Doch die Alarmsignale sind nicht zu übersehen. Unglaubliche Summen an billigem Geld fließen seit Monaten in den Immobilienmarkt. Liquidität, die sich die Banken von der EZB ausleihen und die zu einem erheblichen Teil in die Immobilienfinanzierung fließt. Viele Institute sind nicht mehr sehr wählerisch, wenn es gilt, Häuser oder Wohnungen zu finanzieren. Auch wenn die Banken nicht gern darüber sprechen, so ist in der Branche doch bekannt, dass manche Geldhäuser inzwischen Immobilien zu 100 Prozent beleihen. Der Immobilien-Erwerber muss somit lediglich das Maklerhonorar, die Steuern und die Notarkosten mit Eigenmitteln bestreiten.

In den vergangenen Jahren ist die Eigenkapitalquote bei der Baufinanzierung stetig gesunken. Sie liegt bundesweit im Schnitt nur noch zwischen zehn und 15 Prozent, in einigen Regionen sogar darunter. Noch vor wenigen Jahren galt die Faustregel, dass selbstgenutzte Immobilien mindestens zu einem Drittel aus eigenen Mitteln bezahlt werden sollten.

Eine geringe Eigenkapitalquote ist gleich in zweierlei Hinsicht gefährlich: Überteuerte Immobilien werden extrem hoch - teilweise sogar zu 100 Prozent - beliehen. Platzt die Immobilienblase, büßt das Objekt deutlich an Wert ein. Das ausgegebene Darlehen ist dann nicht mehr in vollem Umfang gedeckt - und die Bank hält sich am Schuldner schadlos.

Zweitens gilt: Je niedriger die Zinsen, desto länger die Tilgungsdauer. Liegen die Zinsen bei sechs Prozent pro Jahr, ist das Objekt bei einer Standardtilgung von einem Prozent pro Jahr nach 30 Jahren schuldenfrei. Bei einem Zinssatz von nur vier Prozent dauert die Entschuldung zehn Jahre länger.

In der Regel wird nach zehn bis 15 Jahren die Anschlussfinanzierung fällig. Wer sich mit der Standardtilgung begnügt, hat bis dahin nur einen sehr geringen Teil seiner Schulden abgetragen. Sind die Zinsen bis zur fälligen Anschlussfinanzierung deutlich gestiegen - wovon nach Lage der Dinge auszugehen ist - schnellen die monatlichen Belastungen rapide in die Höhe. In zehn bis 15 Jahren droht daher eine Reihe von Zwangsversteigerungen.
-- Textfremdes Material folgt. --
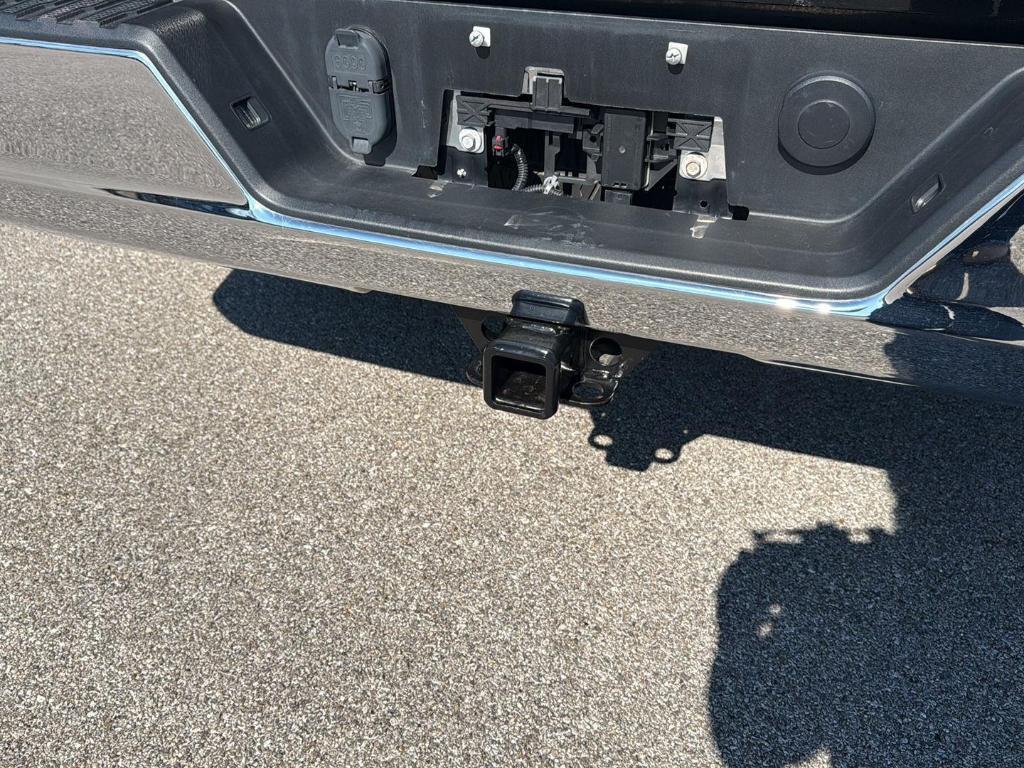 used 2022 GMC Sierra 1500 car, priced at $34,995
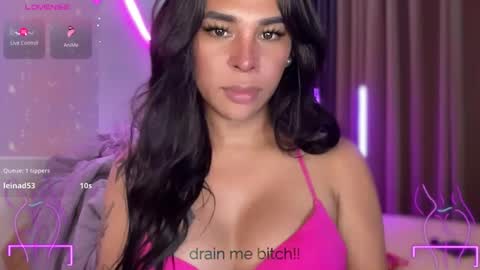 queen amanda online show from February 4, 6:03 pm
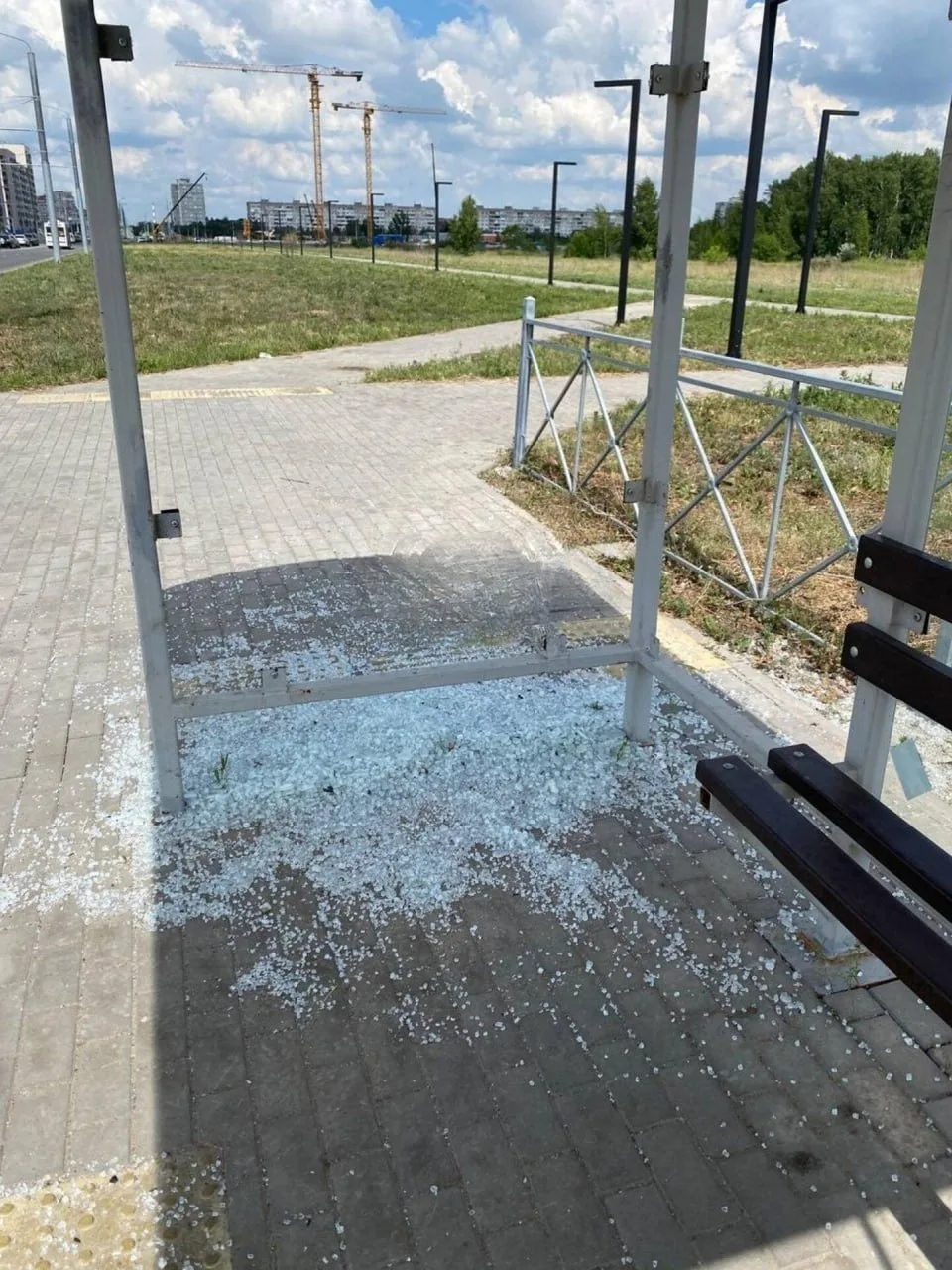 Остановка Зелёная река. Гопники разбили остановку.

🔥Подпишись ➡️ max.ru/besomsk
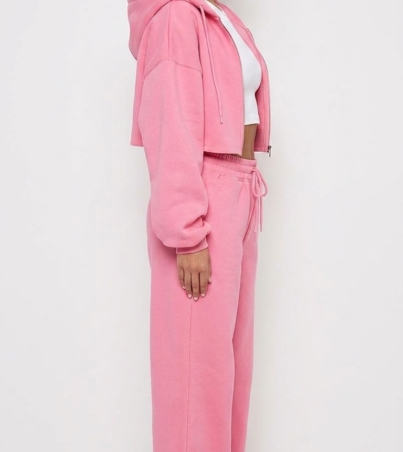 Model_wearing_pink_sweatpants_202608310101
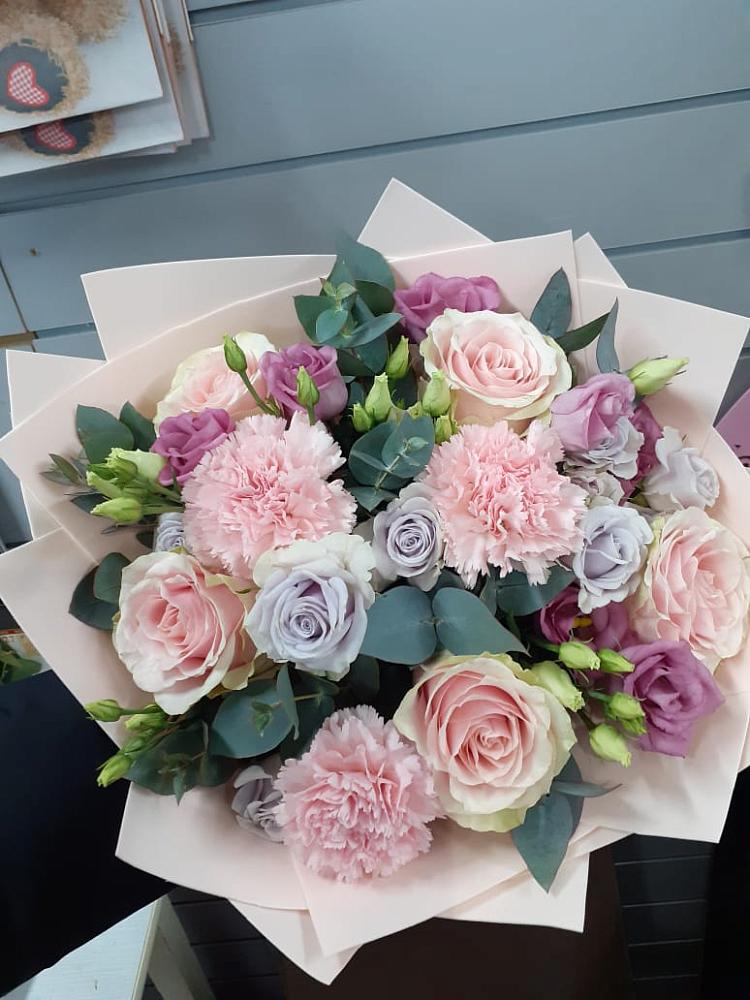 Букет цветов из: Розы, Гвоздики и Лизиантусы в Ельне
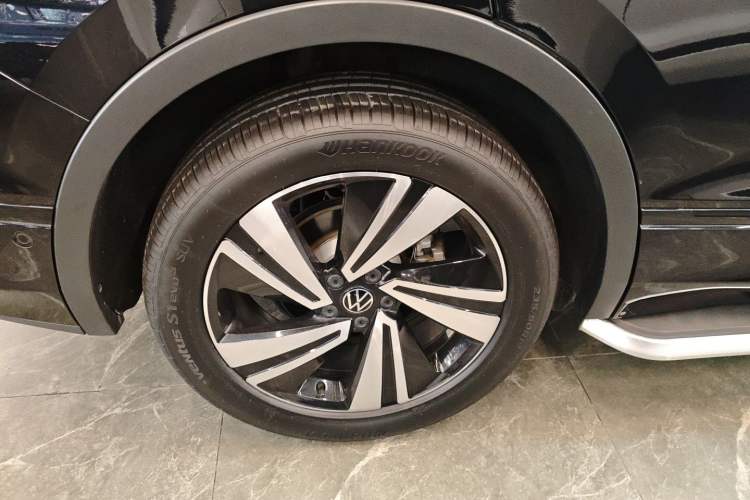 Used Volkswagen Tiguan X 2023 Revised Version 330TSI Two-Wheel-Drive Flagship Edition Right Rear Wheel Hub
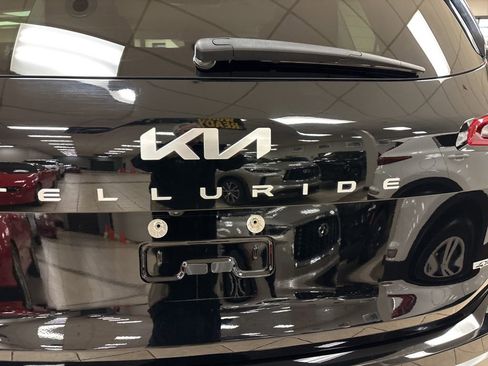 Used 2023 Kia Telluride LX image 7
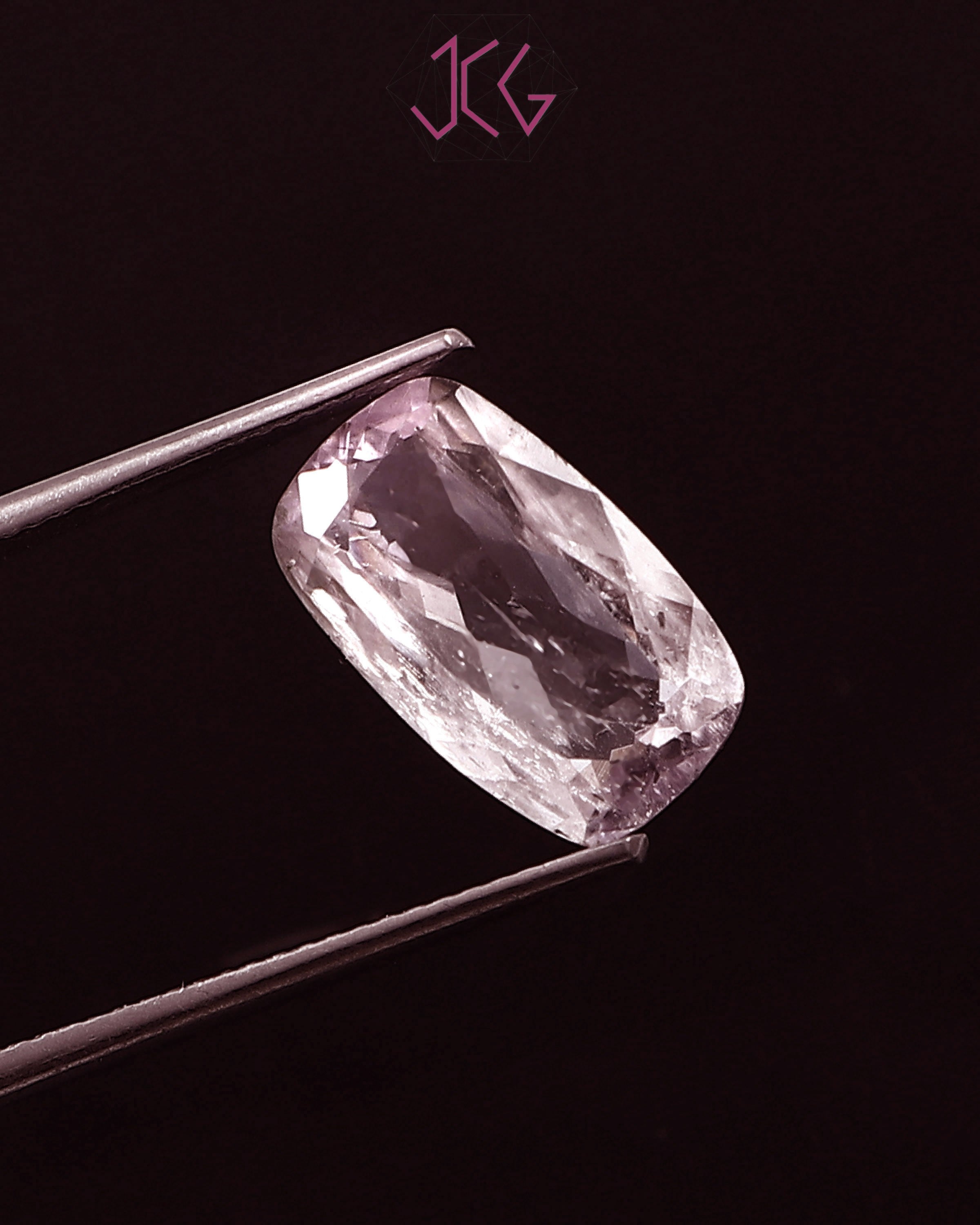 Natural Kunzite Stone 4.45 Carat (With Certificate)
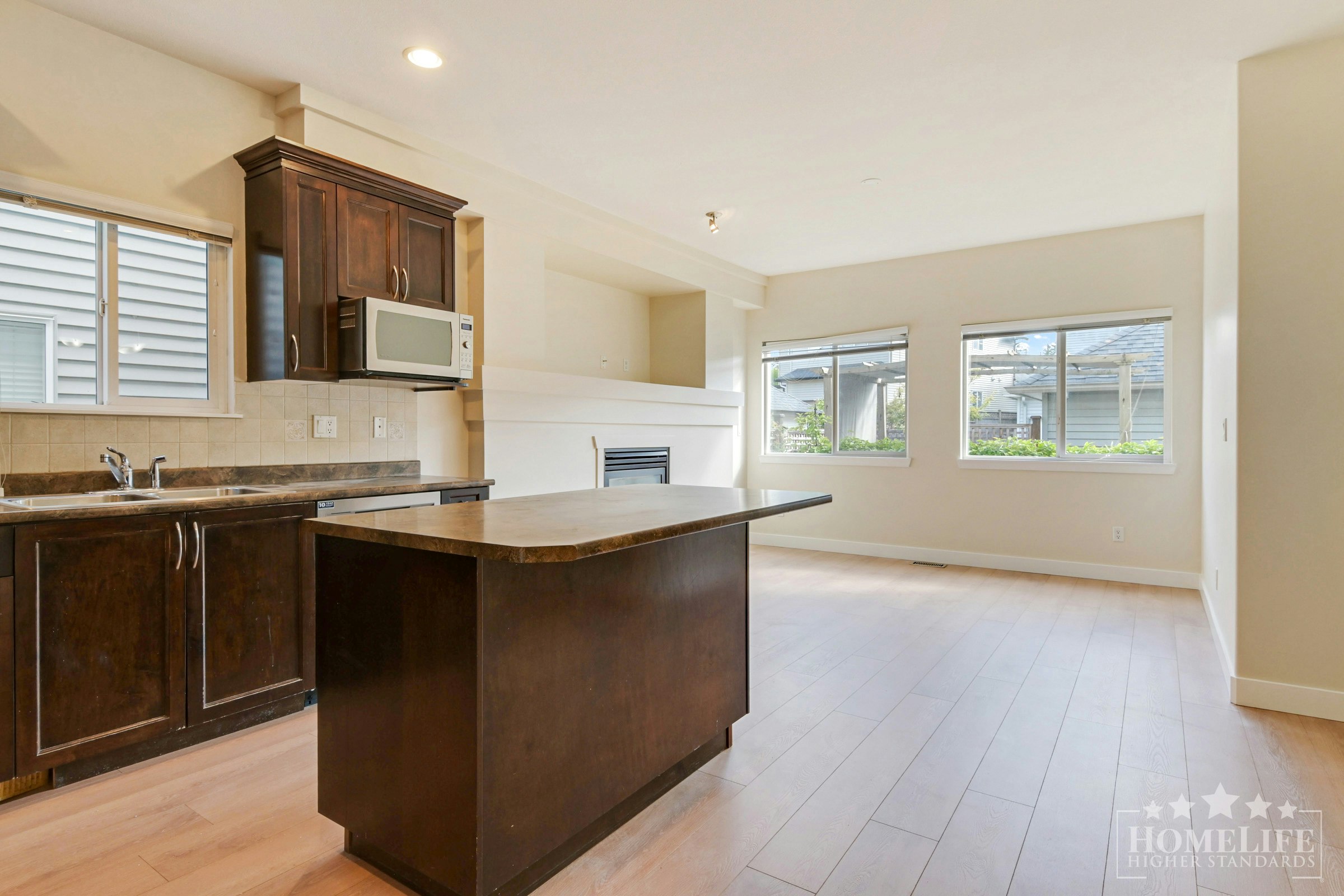 Upper House-16640 60 Avenue, Surrey, BC, V3S 1S9 - 8
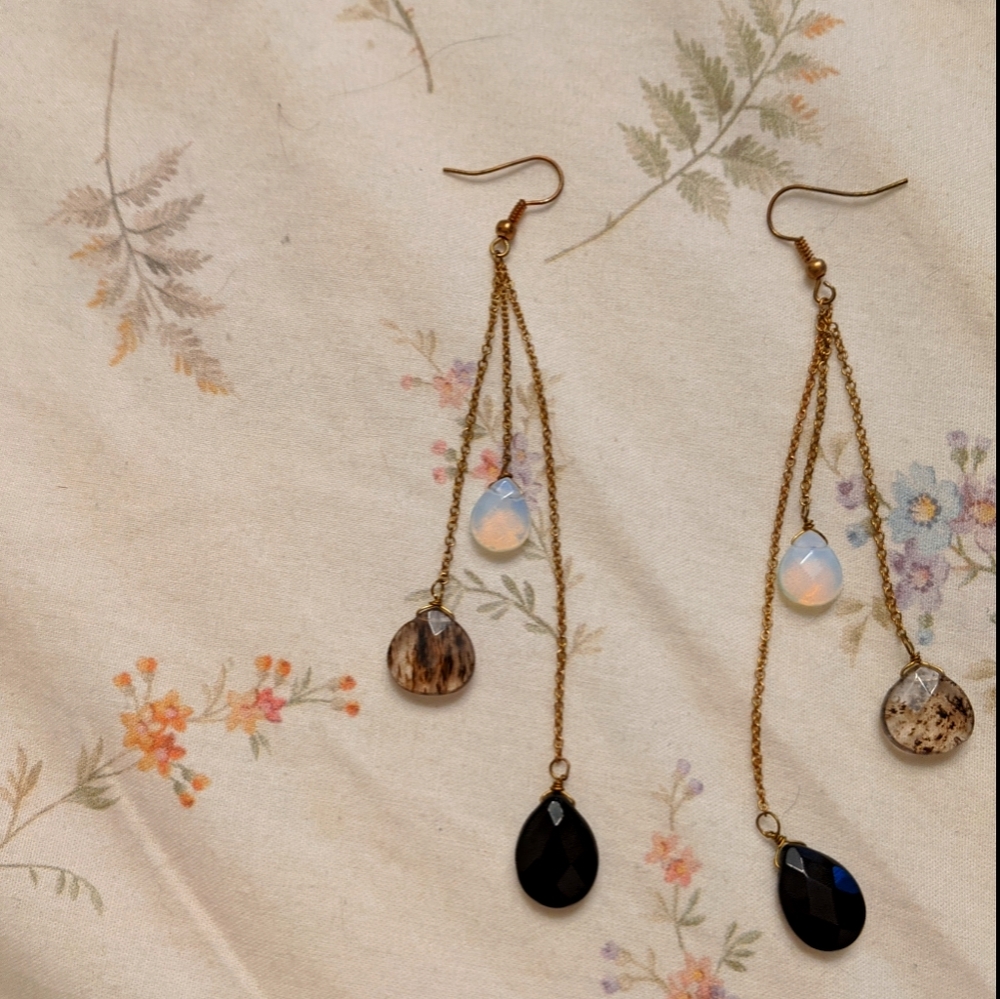 Vintage rain drop earrings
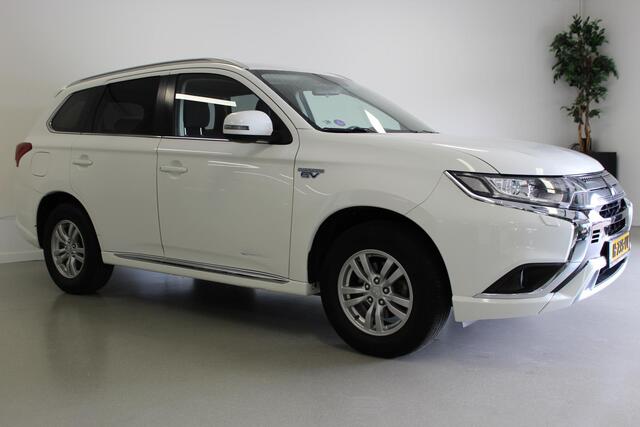 Mitsubishi OUTLANDER 2.4 PHEV Pure | AFN-TRHAAK | CLIMA | STOEL-VERW | CAMERA | NAVIGATIE | D-GLAS | KEYLESS |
Seriöse Bankberater empfehlen ihren Kunden, die Niedrigzinsphase unbedingt zu nutzen, um die Tilgungsrate auf zwei oder drei Prozent pro Jahr aufzustocken und somit das Anschlussfinanzierungs-Risiko zu verringern. Auch die Möglichkeit von Sondertilgungen während der Laufzeit des Darlehensvertrags sollte sich der Bankkunde einräumen lassen.

Die anhaltend niedrigen Zinsen und die davon ausgehenden Kaufanreize sind einer der Hauptgründe für die stark steigenden Immobilienpreise. In den größeren deutschen Städten erhöhte sich der Preis für Wohneigentum im vergangenen Jahr im Schnitt um 5,25 Prozent. Auch in den österreichischen Städten registrieren Experten eine Preisüberhitzung, vor allem in Wien, Salzburg und Linz. Neben den günstigen Finanzierungskosten treibt die Nachfrage aus den Ländern Südeuropas die Preise in die Höhe. Wohlhabende Bürger in den Krisenstaaten der Euro-Zone investierten ihr Geld vorzugsweise in Immobilien in Deutschland und teilweise in Österreich.

Doch nicht nur in den größeren Städten explodieren die Immobilienpreise, mittlerweile wird Wohneigentum sogar in den Mittelstädten ständig teurer. Ein Beispiel hierfür ist Trier, eine Stadt mit rund 105.000 Einwohnern und eher mäßigen Verkehrsanbindungen. Sowohl die Immobilienpreise als auch die Mieten zogen in den vergangenen Jahren deutlich an und erreichten das Niveau der Landeshauptstadt Mainz. Grund hierfür sind die extrem hohen Immobilienpreise im benachbarten Luxemburg. Viele Bürger aus dem Großherzogtum kaufen Objekte im nahegelegenen Trier.

Der erste Euro-Staat, in dem die Immobilienblase schon bald platzen könnte, sind die Niederlande. Dort summieren sich die Hypothekenschulden inzwischen auf 107,1 Prozent des Bruttoinlandsprodukts. Vor einigen Wochen musste die schwer angeschlagene niederländische Bank "SNS Reaal" verstaatlicht werden. Dafür flossen Steuergelder im Umfang von zehn Milliarden Euro.

Die sich abzeichnende Immobilienkrise im Nachbarstaat wird freilich in Deutschland kaum thematisiert. Schließlich will man potenzielle Käufer nicht verunsichern. So nimmt die Branche billigend in Kauf, dass schon mittelfristig eine große Zahl von Familien in den Ruin getrieben wird.